Exercise details - Pictures are to be dropped, and only the lines from the one containing "Image 11 of Potion In Motion" through the end of the data below are to be reproduced as written.
***** Data segment
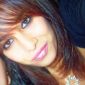 Ciriaci Jessica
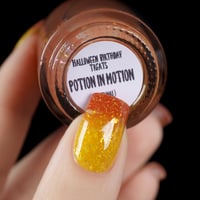 Image 11 of Potion In Motion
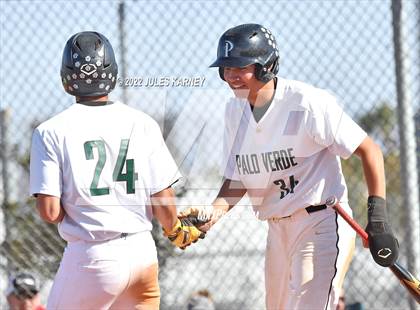 Thumbnail 3 in Coronado @ Palo Verde photogallery.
**********
Task response -
 Image 11 of Potion In Motion
 Thumbnail 3 in Coronado @ Palo Verde photogallery.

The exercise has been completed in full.